Par 17 voix contre 5, la commission rejette une motion du Conseil des Etats (00.3476) qui veut préciser, dans la loi sur la protection de l'environnement et la loi sur la protection de la nature et du paysage, de manière restrictive, les dispositions relatives à l'étude d'impact sur l'environnement et le droit de recours des associations. Cette motion veut ainsi accélérer les procédures d'autorisation et de recours. Pour la majorité de la commission, l'étude d'impact sur l'environnement contribue à une planification soigneuse des projets et évite des contestations ultérieures ; il a été établi à plusieurs reprises que les lenteurs des procédures de décision et de recours ne peuvent pas être imputées au droit de recours des organisations. Les modifications législatives demandées entraîneraient des difficultés d'interprétation et une insécurité juridique dommageable à toutes les parties. Pour la minorité, il est établi que l'étude d'impact sur l'environnement et les droits de recours des organisations retardent la réalisation de projets de constructions. Elle soutient la motion qui, à son avis, va dans la bonne direction. Majorité et minorité se réfèrent aux avis qu'elles avaient exprimés dans le cadre d'une initiative parlementaire qui voulait supprimer le droit de recours des organisations (99.442 ; rapport du 8 mai 2000) . Dans un postulat adopté par 16 voix contre 1 et 5 abstentions, la commission demande au Conseil fédéral un rapport sur les effets des études de l'impact sur l'environnement et sur les mesures et procédures en matière de protection de l'environnement.

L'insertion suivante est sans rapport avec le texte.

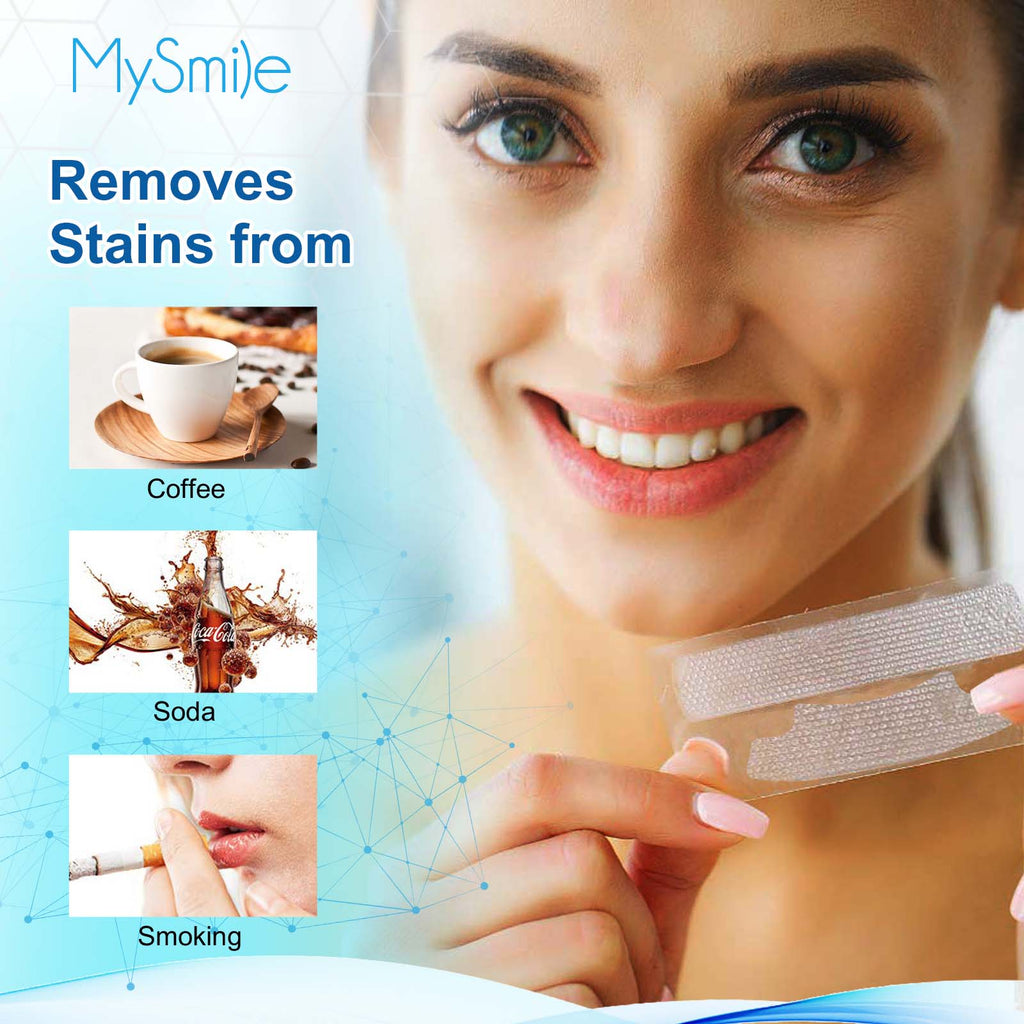 MySmile 6% Hydrogen Peroxide Teeth Whitening Strips (Dry White Strips)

La commission a décidé par 10 voix contre 6 de ne pas donner suite à l'initiative parlementaire du Conseiller national Josef Zisyadis (00.446 n Loi contre le mobbing). L'initiative propose la création d'une loi spéciale contre le mobbing. La majorité de la commission estime que les bases légales civiles et pénales actuelles sont suffisantes en la matière. La minorité propose de donner suite à l'initiative. Elle est d'avis que le mobbing est un problème sérieux qu'il est nécessaire de prendre en compte et que la création de bases légales pour la prévention du phénomène et pour une meilleure défense des intérêts des salariés est indispensable.
La commission a également décidé par 10 voix et 7 abstentions de ne pas donner suite à une initiative du conseiller national Maspoli (00.439 Iv. pa. Droit des sociétés anonymes. Interdiction de verser des indemnités au montant disproportionné). Une partie de la commission est toutefois d'avis qu'il est opportun de prévoir une meilleure transparence vis-à-vis du public en ce qui concerne les indemnités versées aux membres de conseils d'administration. Une minorité demande, par le biais d'une motion, une réglementation qui améliore la transparence à propos des indemnités, qui évite les conflits d'intérêts lors de la détermination des indemnités de départ, ainsi qu'un droit de la responsabilité plus strict.
Enfin, la commission a procédé à une première série d'auditions concernant la loi sur les profils ADN (00.088 Utilisation de profils ADN. Loi).
La commission a siégé à Berne les 10 et 11 mai 2001 sous la présidence du Conseiller national J. Alexander Baumann (UDC/TG).